The problem? Foreign lenders and trade partners don’t know the company well enough. So when suppliers or customers demand cash payments or products up front, it locks in precious capital that can only be recouped when the finished goods are delivered – up to 10 months later.

The impact on the company’s business has been to curtail its expansion, limit overseas sales and cap hiring of local workers – a problem mirrored by firms across the country, hampering its ability to recover from years of economic slump.

“Currently, we don’t have any credit terms, even from our neighbouring countries,” Muguyo told Reuters. “We are funding our suppliers and customers left, right and centre, but we only receive it (payment) after 10 months.”

Now, help may be coming in the form of an access pass to the world’s financial system from a body set up by the G20 group of nations after the 2008 financial crisis, when regulators struggled to see who was exposed to stricken bank Lehman Brothers.

Largely confined so far to big corporates in the developed world, Legal Entity Identifier (LEIs) codes provide companies with a unique 20-character string of letters and numbers.

Copperwares is about to become one of the first mid-sized African companies to get one.

Companies undergo a series of checks to prove who they are to hold one, lowering the risk for overseas counterparties and helping the company access cheaper, more flexible funding.

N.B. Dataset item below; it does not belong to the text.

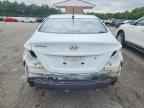 2013 Hyun Accent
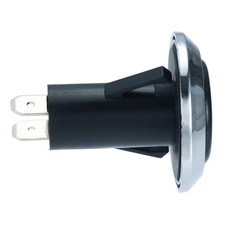 OEM 69283 Igniter Button for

Currently, just 8,251 LEIs have been issued in African countries, many to local units of major developed market companies, out of more than 1.8 million active LEIs globally.

Graphic: LEIs issued in African countries, https://graphics.reuters.com/AFRICA-COMPANIES/IDENTITY/dwvkrgnrbpm/chart.png

They could be crucial to bolstering financial inclusion on the continent.

“This LEI initiative, once we’re known out there, we expect life to be much easier; funding terms to be accessible, credit terms to be accessible,” helping Copperwares produce more, employ more people, offer better prices and boost market share, said Muguyo.

He said Copperwares estimated the market for its products in southern Africa was at least $15 million and had the potential to double in size, suggesting scope for the LEI to help the company boost revenues from just under $1 million currently.

Staff numbers could also grow from 65 to 120-130, he added.

Set up by the G20’s Financial Stability Board in 2014, the Swiss-based non-profit Global Legal Entity Identifier Foundation (GLEIF) oversees the LEI system, and has traditionally charged a fee for a company to register, something that has hampered take-up by smaller companies in Africa and elsewhere.

With the support of the German government, GLEIF is partnering with local banks to get them to conduct the due diligence checks necessary to get an LEI and ensure the company gets it for free.

By doing so, GLEIF said it hoped to help close the trade finance gap in Africa, which currently stands at more than $81 billion.

Between 2013 and 2014, less than 1% of African banks cited regulatory compliance as the main reason for rejecting trade finance applications, GLEIF said, while between 2015 and 2019 that figure had grown to around 16% as developed market banks demanded more information about their clients as part of efforts to fight fraud, money laundering and other financial crime.

“This is the first step toward greater financial inclusion and overcoming the challenges associated with access to trade finance in Africa,” said GLEIF Chief Executive Stephan Wolf.

At Copperwares, local bank NMB Bank Ltd helped Muguyo get the company’s LEI and hopes to roll out the initiative to many of its other small- and medium-sized enterprise (SME) clients.

“The pipeline is huge,” said Erasmus Bhunu, head of corporate and SME banking at NMB Bank. “Most of our customers are willing to onboard,” with more than 10 signed up so far across sectors including manufacturing and agriculture.